Mediterranean Tuna Pasta Salad with Capers and Olives is an easy tuna pasta salad recipe. It makes a lovely side dish or a perfect lunch.
I don’t make this cold tuna pasta salad often, because when I do, I can’t control myself. It is soooo good that I keep eating and eating it. It is a perfect side dish to your summer dinner parties, or it can stand alone as a meal. Either way, if you make this, you will be going for seconds!
What can you serve with pasta salad?
This pasta salad is great by itself. However, if you are looking for some side ideas to go with it try melon, cantaloupe, fruit salad, soup, finger sandwiches, vegetables, or a vegetable salad.
How long does tuna pasta salad last?
If you store the tuna pasta in an air sealed container, the tuna pasta salad will last 3-5 days in the refrigerator. It is perfect to make for busy weekdays because you can make it in advance and pull it out when you are ready to eat. It is also great for parties and cookouts, because you can make it ahead of time.
What ingredients do you need for this Mediterranean Tuna Pasta Salad?
For this Mediterranean Tuna Pasta Salad, you will need the following ingredients:
- Rotini Pasta
- Canned Tuna, drained
- Non-pareil Capers
- Boiled Eggs
- Kalamata Olives
- Red Pepper Flakes (optional)
For this salad, I use rotini pasta. Rotini pasta is perfect because all the little chunks of onion, egg, capers, olives, and tuna get trapped in the spirals. This ensures every bite is full of delicious flavor. However you can substitute pasta shells, or fusilli if you would rather. Both of those pastas would accomplish the same effect.
What is the difference between Rotini and Fusilli Pasta?
Rotini and fusilli pasta look very similar. Often times they can be mislabeled at the grocery stores. Fusilli is made as hollow tubes of pasta that are twisted into springs or corkscrews. Rotini is a flat pasta that is twisted. I prefer rotini because of its texture.
Use Non-Pareil Capers
It is important to use good quality olives and capers. They will make or break this dish. I like the tiny Mezzetta non-pareil capers. They are easily found at all of my local grocery stores. It is a matter of personal preference, but I have found some very strong, larger capers that have been too overpowering and have ruined my dishes. I also slice the olives in half so they don’t take over the dish.
What are non-pareil capers, you might ask? Non-pareil capers are the smallest of capers that are the best in flavor and texture. They have the perfect balance of acidity and salt.
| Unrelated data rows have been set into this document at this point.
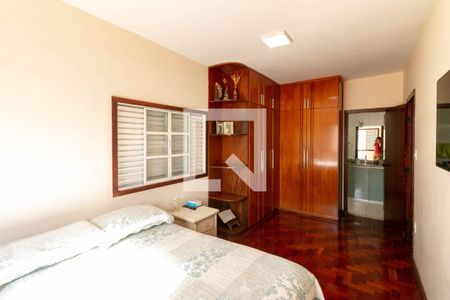 Casa à venda com 305m², 3 quartos e 4 vagas Casa à venda com 305m², 3 quartos e 4 vagasQuarto Suíte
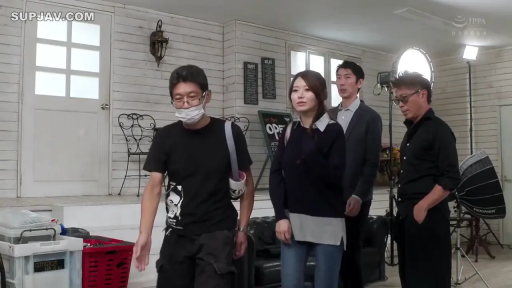 站立 · 自然 · 桌椅 · 西装 · 远景 · 模拟咖啡厅 · 工作交流 · 幕后花絮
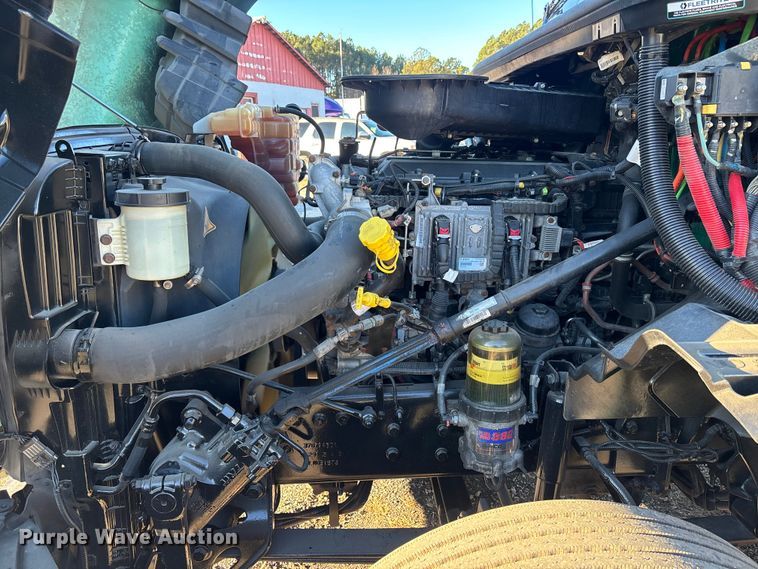 image for item DU0364 2020 International LT625 semi truck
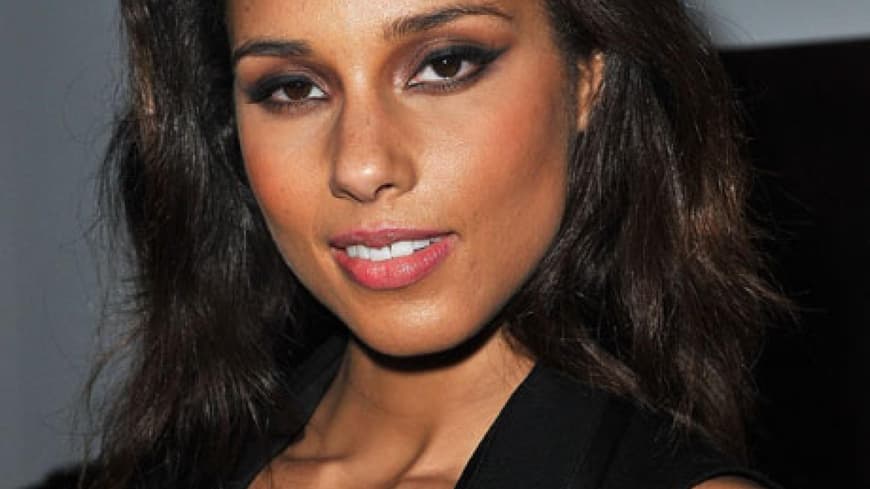 Sängerin Alicia Keys zeigt uns hier: Durch das rauchige Augen-Make-up inklusive Lidstrich wird der Blick gleich extrem verführerisch! Sängerin Alicia Keys zeigt uns hier: Durch das rauchige Augen-Make-up inklusive Lidstrich wird der Blick gleich extrem verführerisch!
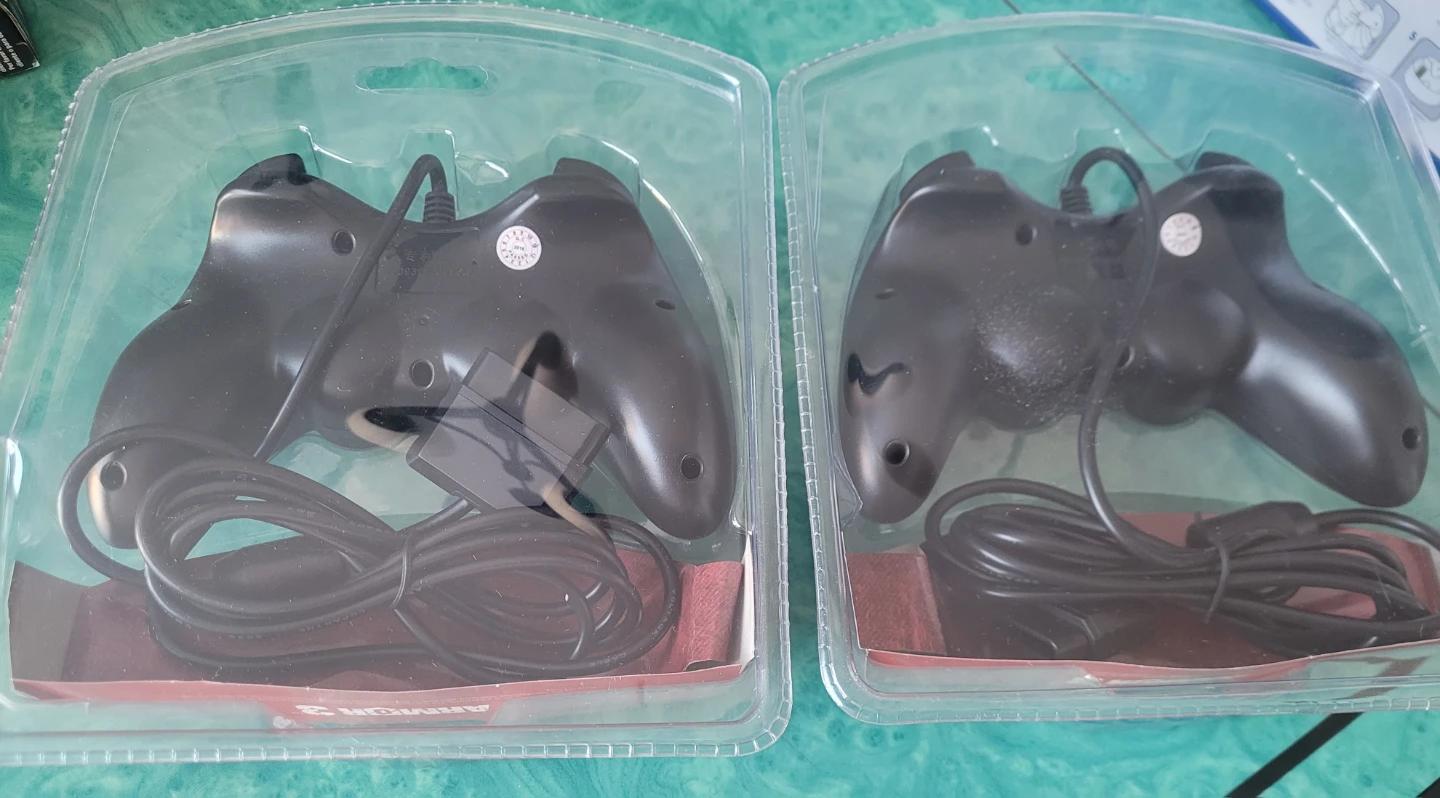 2 x Armor 3 PS2 Wired Controllers - Black - photo 2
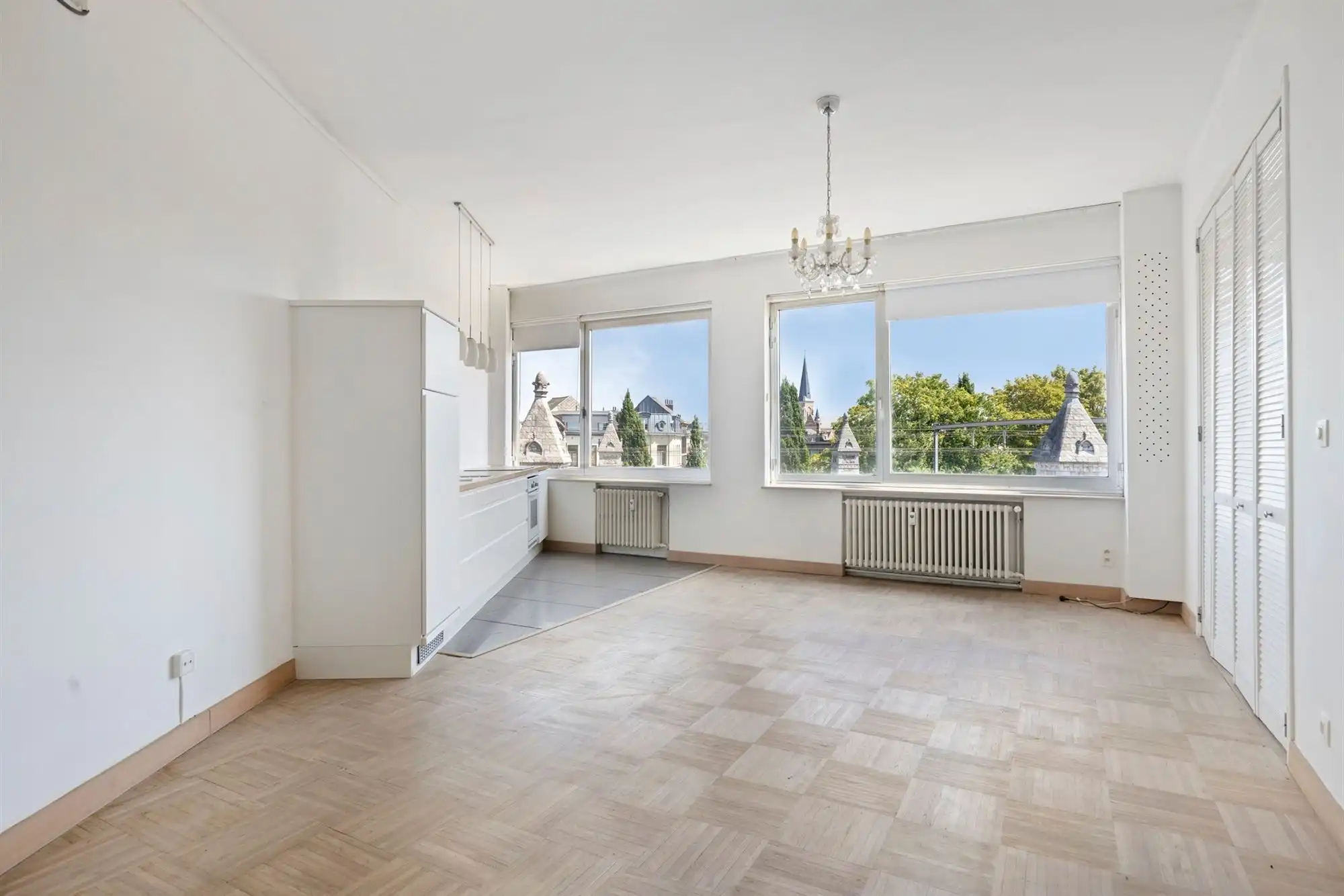Lichtrijk appartement met 1 slaapkamer en gemeenschappelijke tuin foto 2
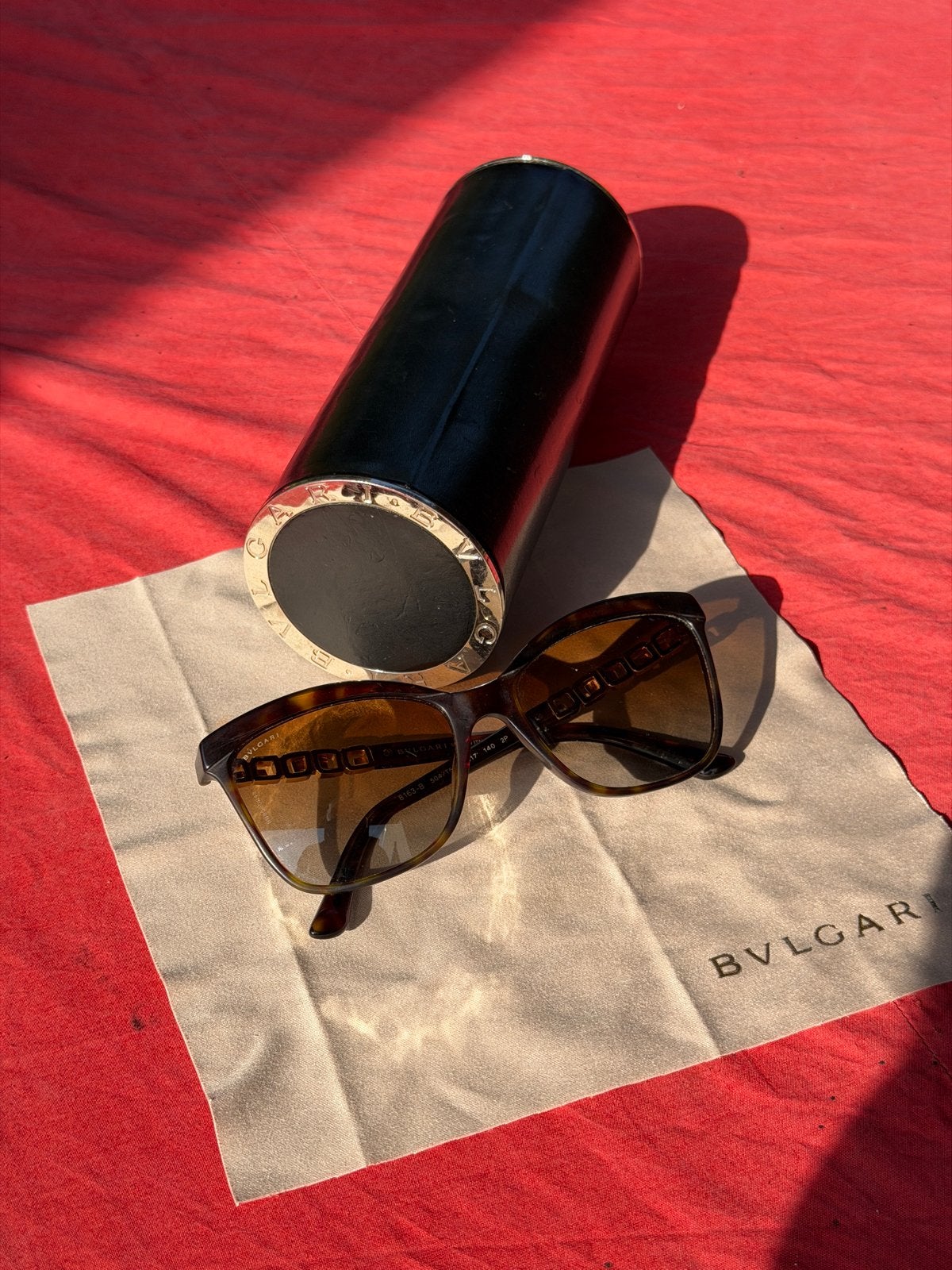 Bvlgari zonnebril met etui en doekje, Overige merken, Zonnebril, Bruin, Ophalen of Verzenden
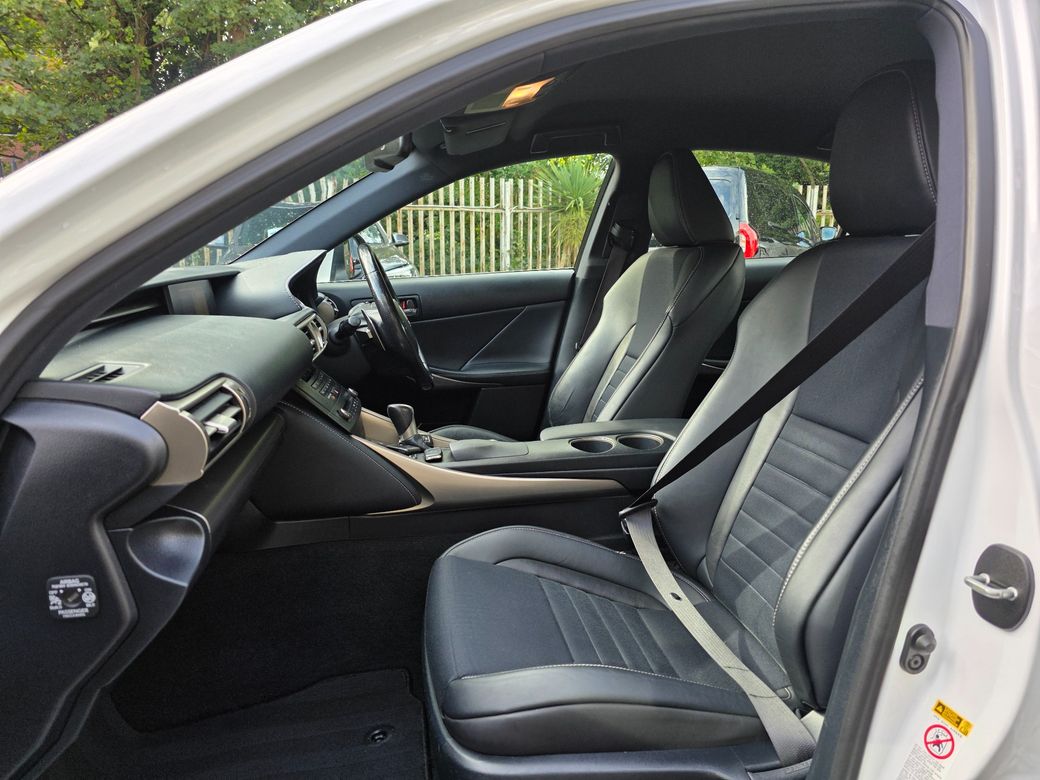 2016 Lexus IS
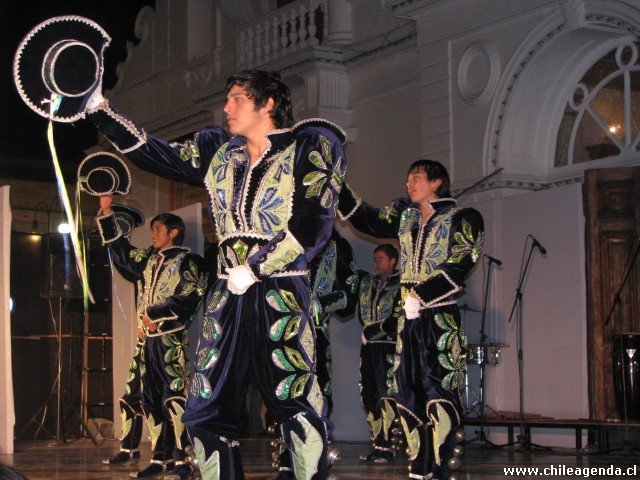 Grupo Folclorico Wayna Wara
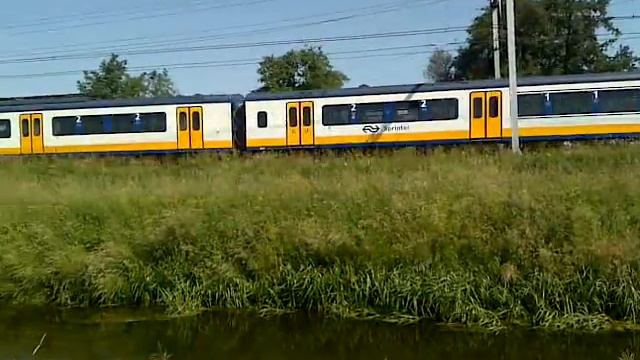 NS Sprinter onderweg naar Utrecht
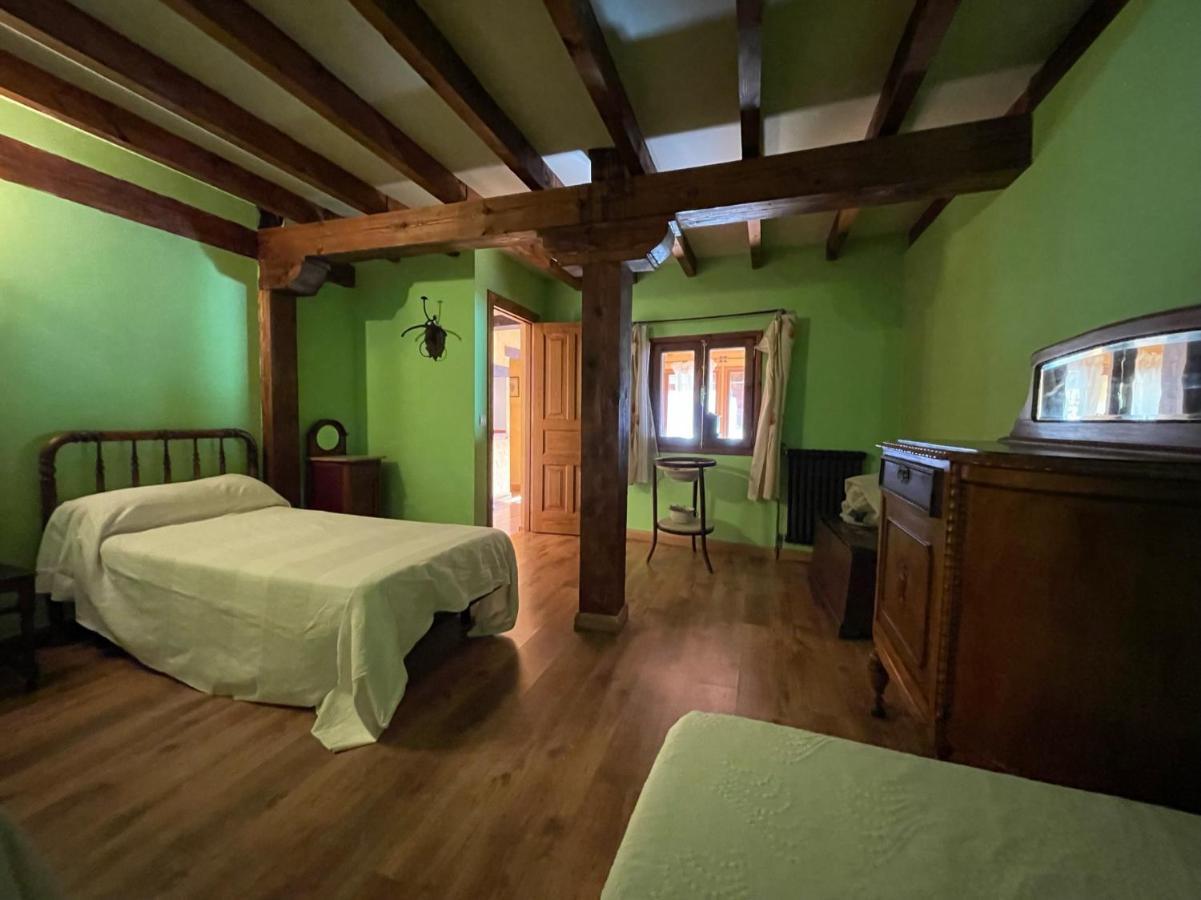 La Indefinida Villa Toranzo Bagian luar foto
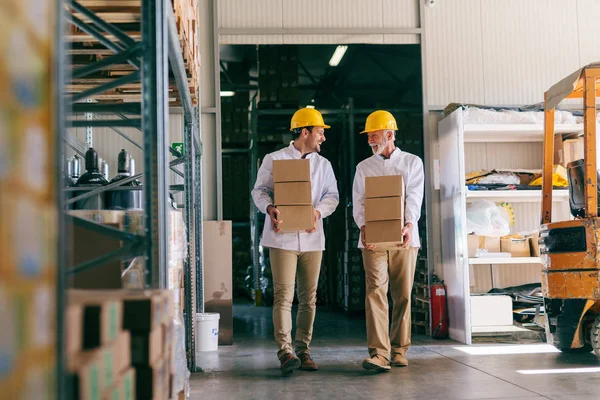 Dois Trabalhadores Armazenamento Desgaste Trabalho Transportando Caixas Pesadas — Fotografia de Stock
The larger sizes can be more tart and tough.
Like this recipe? Then you are sure to like these also! Check out the following:
- Southern Tuna Salad
- Mediterranean Quinoa Salad
- Mediterranean Beet Salad
- Marinated Olives and Cheese Ring
- Greek Black Eye Pea Salad
- Open-Faced Shrimp and Basil Lasagna
Mediterranean Tuna Pasta Salad with Capers and Olives
- 16 oz rotini
- 1 cup chopped onion
- 6.8 oz canned tuna drained
- 2.2 oz capers non-pareil
- 3 eggs chopped
- 5 oz kalamata olives cut in half
- ¾ cup mayonnaise
- salt and pepper to taste
- 1 tsp crushed red pepper
- Cook rotini pasta according to directions.
- Rinse and cool noodles.
- Add 1 cup chopped onion, 6.8oz canned tuna drained, 2.2oz capers drained, 3 chopped boiled eggs, 5oz kalamata olives sliced in half, 3/4 cup mayonnaise, and salt and pepper to taste.
- I like to add in a tsp of crushed red pepper, but you can omit this if you do not like spicy food.
- Serve immediately or refrigerate before serving.